PROBLEM:
Please repeat the records beneath this task exactly as they appear, but skip the images.

= = = = = = =

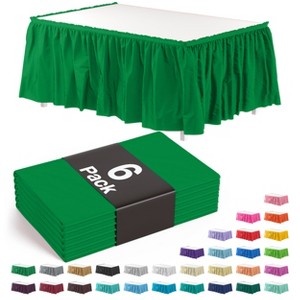 Crown Display 6 pack Disposable Plastic Tableskirts - 29" x 14 Ft ruffled Table Skirt with Adhesive Strip - 6 Count - 1 of 4
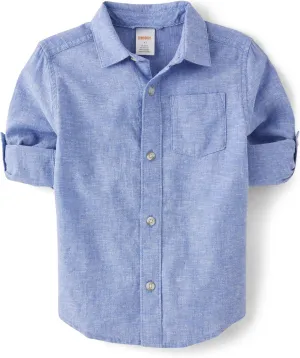 Gymboree Boys' and Toddler Long Sleeve Linen Button Up Shirt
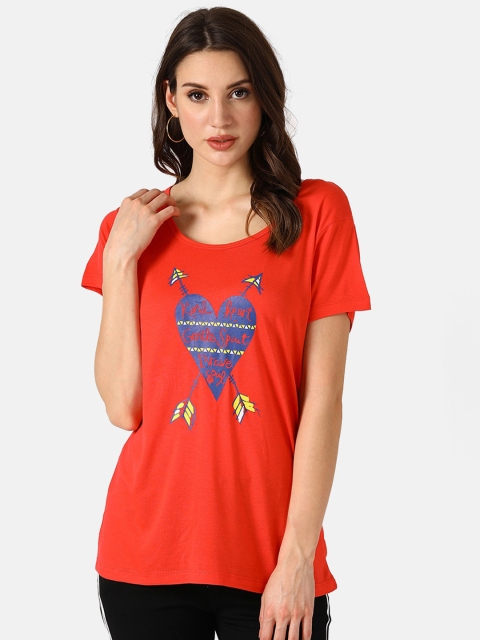 

V2 Value & Variety Women Cotton Red Graphic Printed Regular Top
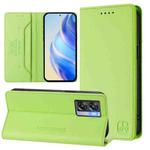 For OPPO A77 5G / A97 5G RC01 Dual-Folded Magnetic Suction RFID Leather Phone Case(Grass Green)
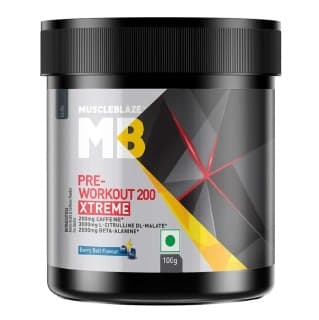 MuscleBlaze PRE Workout 200 Xtreme, 0.22 lb Berry Bolt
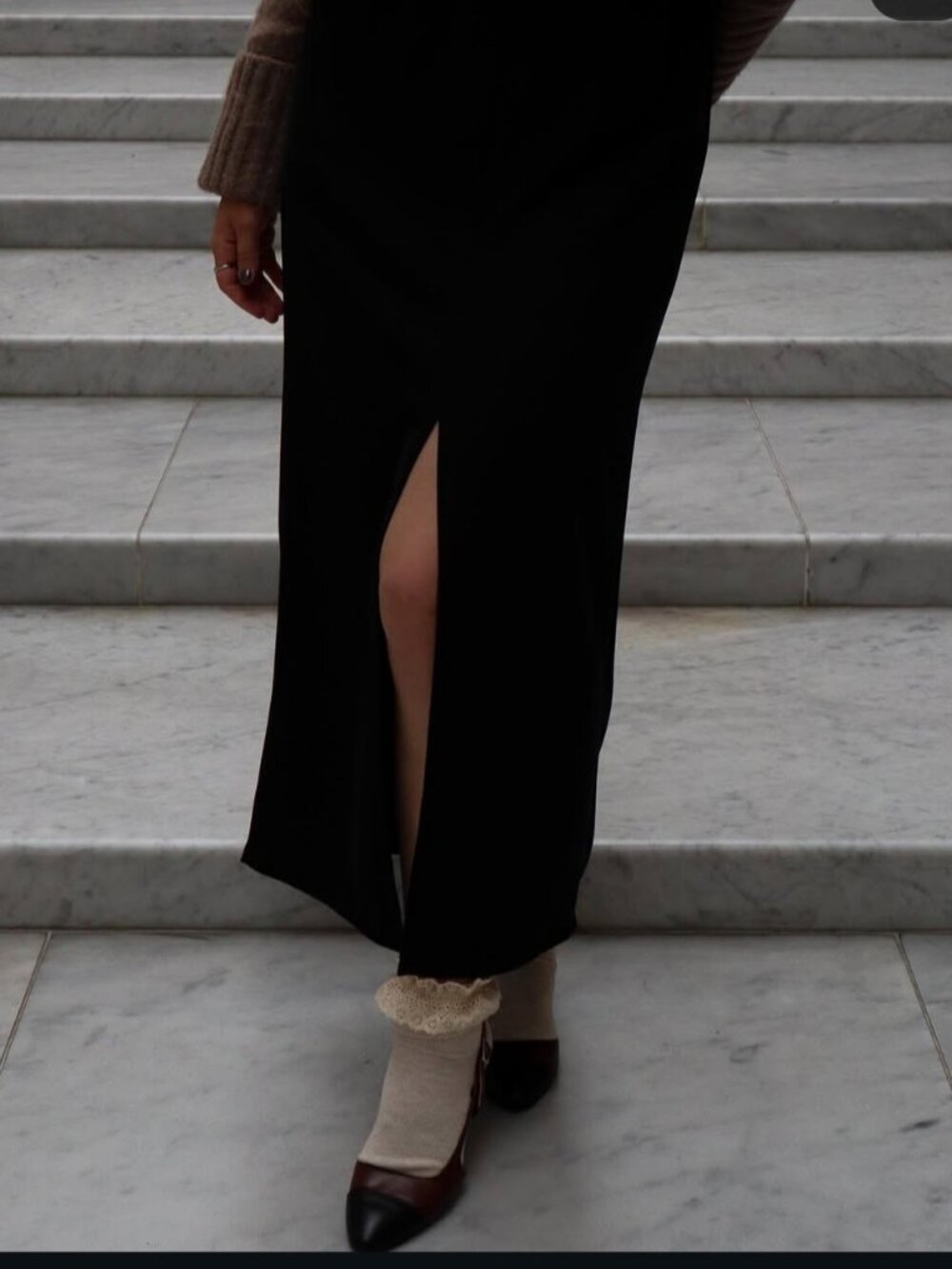 Mimz Black Skirt with Front Slit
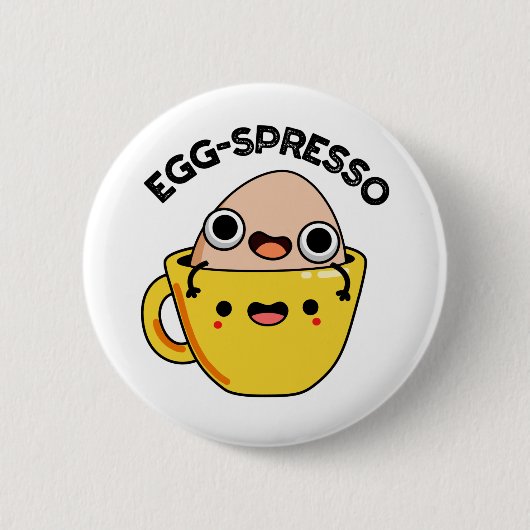 Egg-spresso Grappige Ei Koffie Pun Ronde Button 5,7 Cm (Voorkant)
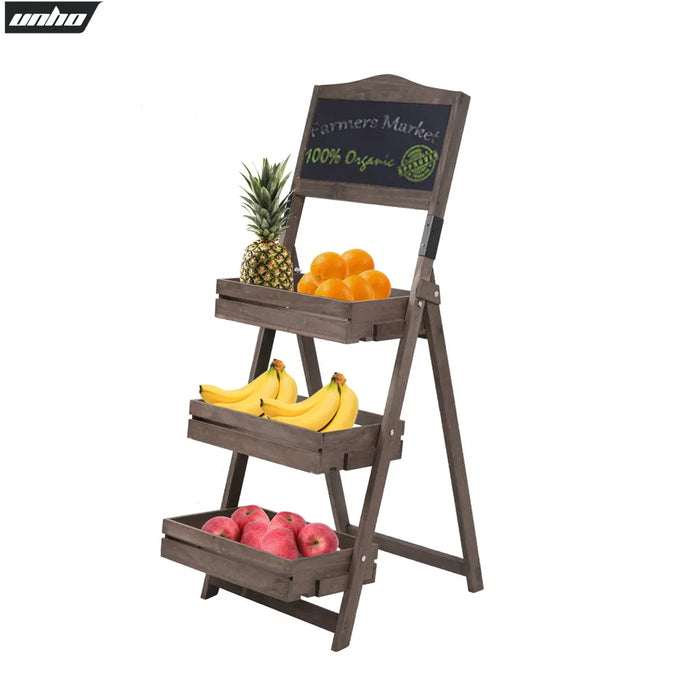 Étagère plante tableau noir 3 niveaux corbeille fruits bois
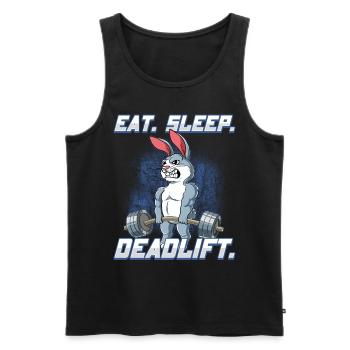 Hase Bodybuilding Fitness Gym Deadlift - Männer Premium Bio Tank Top - Schwarz - Vorne - Michal (187cm)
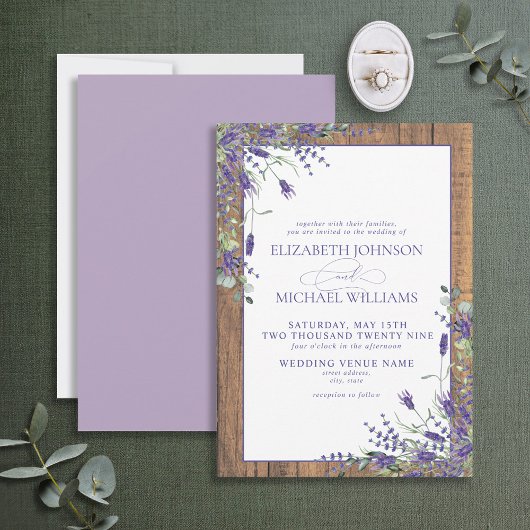 Formele lavender Eucalyptus Wood Script Weddenscha Kaart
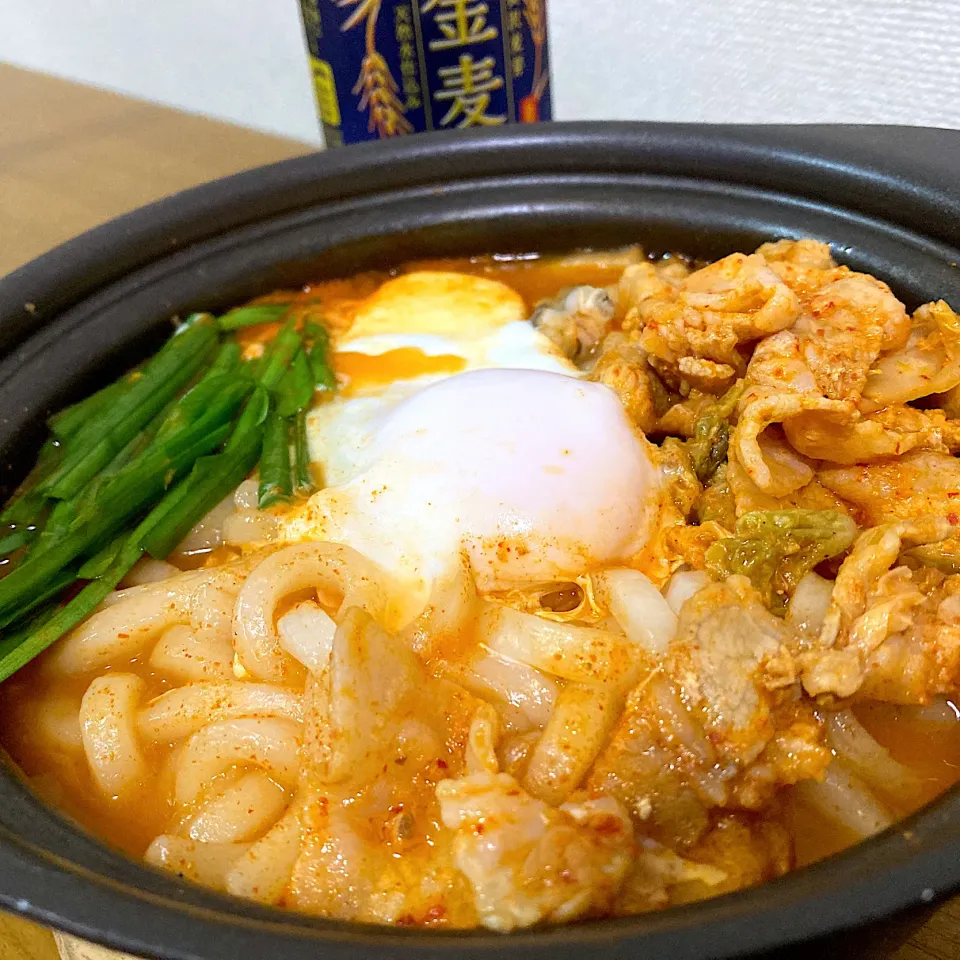 暑い時こそ 熱々 チゲ風煮込みうどん🥢|makiയꕤさん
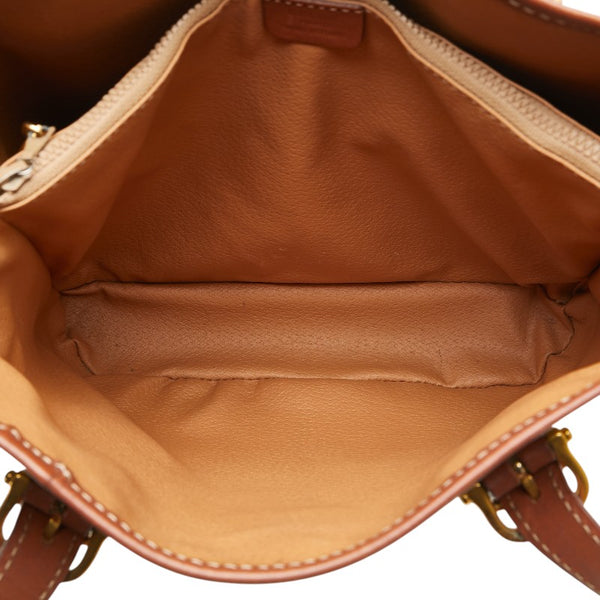 セリーヌ マカダム トートバッグ ハンドバッグ ベージュ ブラウン PVC レザー レディース CELINE 【中古】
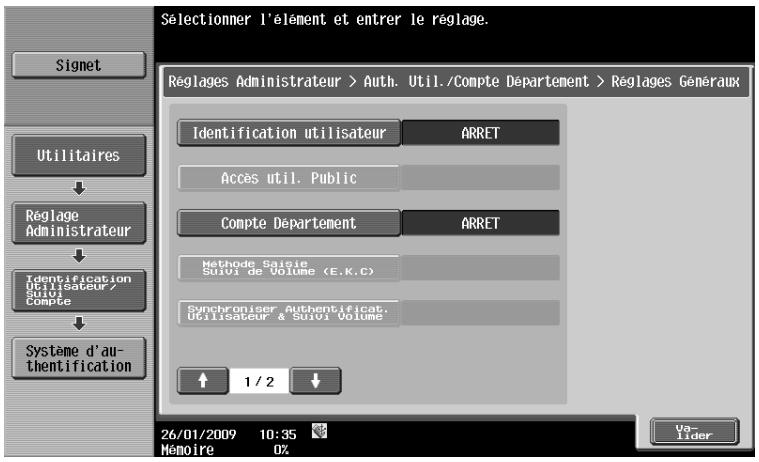 OLIVETTI D-COLOR MF360 - [Système d'Authentication] - 1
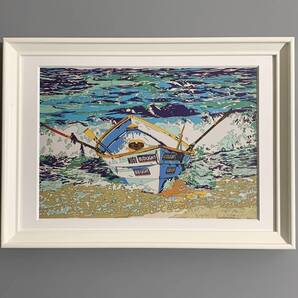 ■鈴木英人■「THE BOAT WITHOUT LIFE SAVER 1991」/A4マット額装品/スタンド付/貴重イラスト/印刷物/インテリア G2156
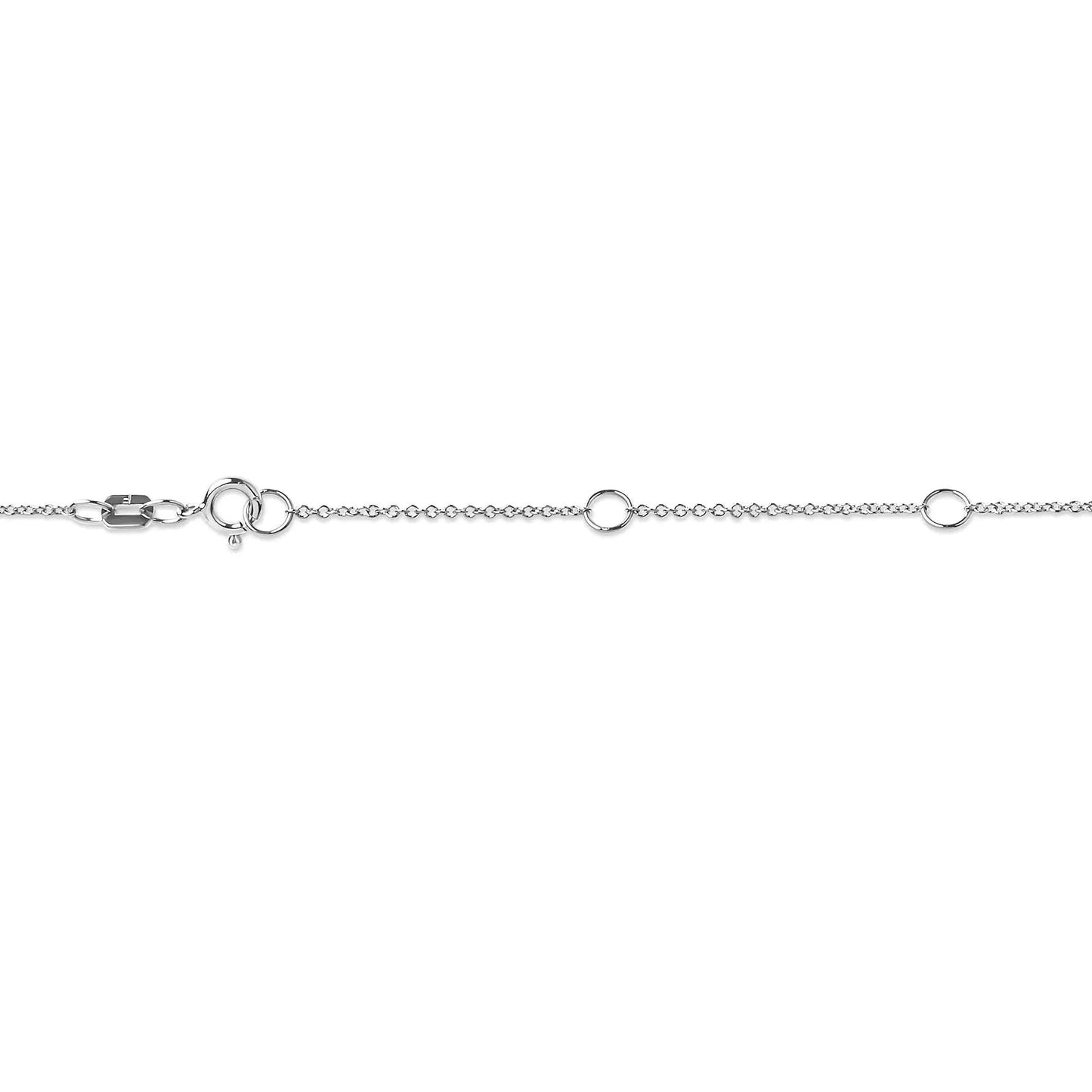 10K White Gold Bezel Diamond Solitaire Pendant Necklace - EveryRetailNeed.Com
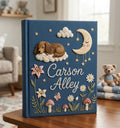 A dark blue hardcover book with a sleeping dog on a cloud, moon and stars — hand-embroidered by The Thread Nest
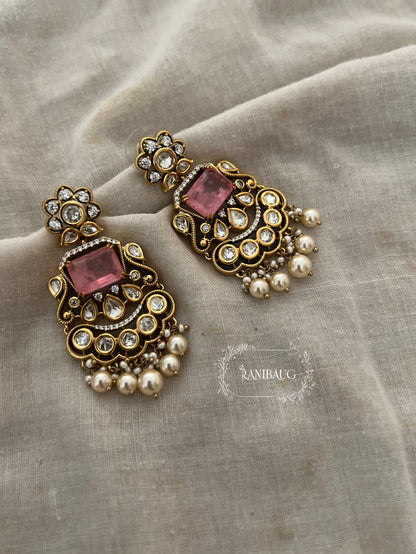 Sunaina Victorian Vintage Antique Gold Chandelier Earrings By Ranibaug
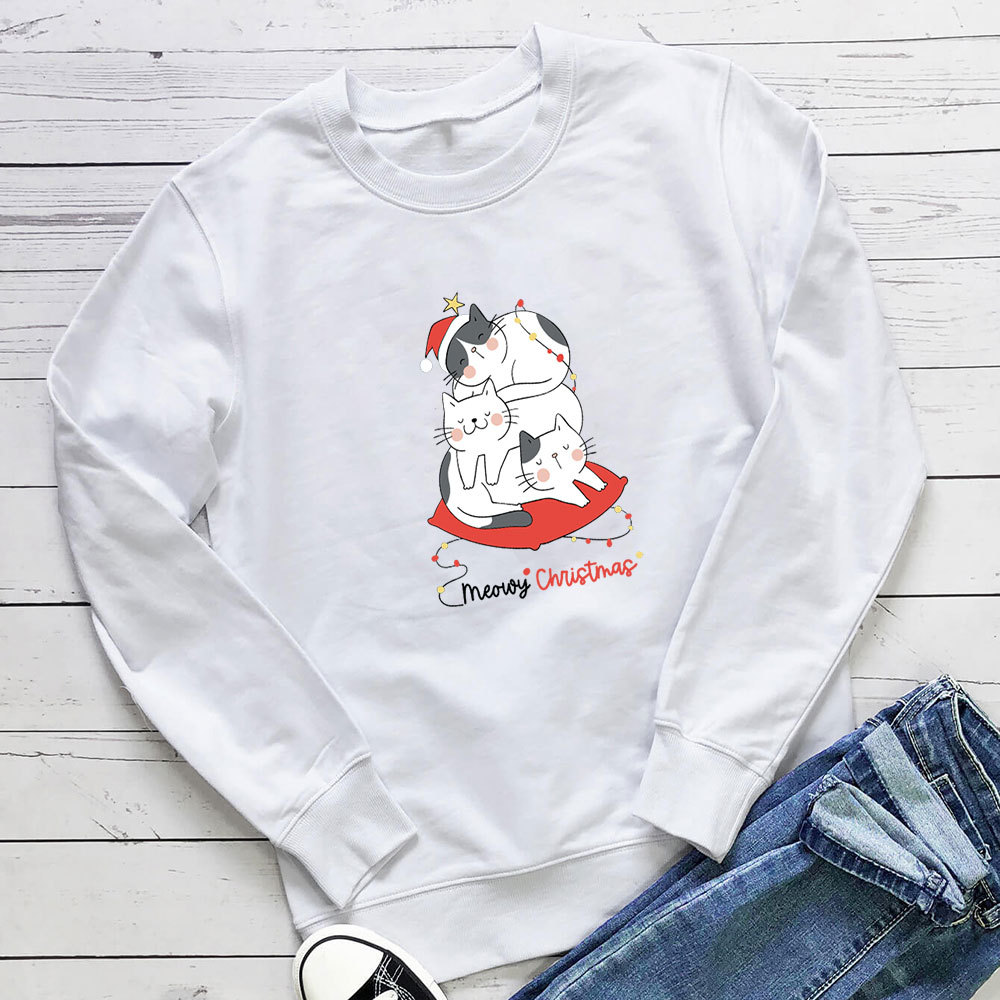 Letter printed cat long sleeved hoodie — image 3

= = = = = = =

ANSWER BOX:
 Crown Display 6 pack Disposable Plastic Tableskirts - 29" x 14 Ft ruffled Table Skirt with Adhesive Strip - 6 Count - 1 of 4
 Gymboree Boys' and Toddler Long Sleeve Linen Button Up Shirt

V2 Value & Variety Women Cotton Red Graphic Printed Regular Top
 For OPPO A77 5G / A97 5G RC01 Dual-Folded Magnetic Suction RFID Leather Phone Case(Grass Green)
 MuscleBlaze PRE Workout 200 Xtreme, 0.22 lb Berry Bolt
 Mimz Black Skirt with Front Slit
 Egg-spresso Grappige Ei Koffie Pun Ronde Button 5,7 Cm (Voorkant)
 Étagère plante tableau noir 3 niveaux corbeille fruits bois
 Hase Bodybuilding Fitness Gym Deadlift - Männer Premium Bio Tank Top - Schwarz - Vorne - Michal (187cm)
 Formele lavender Eucalyptus Wood Script Weddenscha Kaart
 暑い時こそ 熱々 チゲ風煮込みうどん🥢|makiയꕤさん
 セリーヌ マカダム トートバッグ ハンドバッグ ベージュ ブラウン PVC レザー レディース CELINE 【中古】
 OLIVETTI D-COLOR MF360 - [Système d'Authentication] - 1
 ■鈴木英人■「THE BOAT WITHOUT LIFE SAVER 1991」/A4マット額装品/スタンド付/貴重イラスト/印刷物/インテリア G2156
 10K White Gold Bezel Diamond Solitaire Pendant Necklace - EveryRetailNeed.Com
 A dark blue hardcover book with a sleeping dog on a cloud, moon and stars — hand-embroidered by The Thread Nest
 Sunaina Victorian Vintage Antique Gold Chandelier Earrings By Ranibaug
 Letter printed cat long sleeved hoodie — image 3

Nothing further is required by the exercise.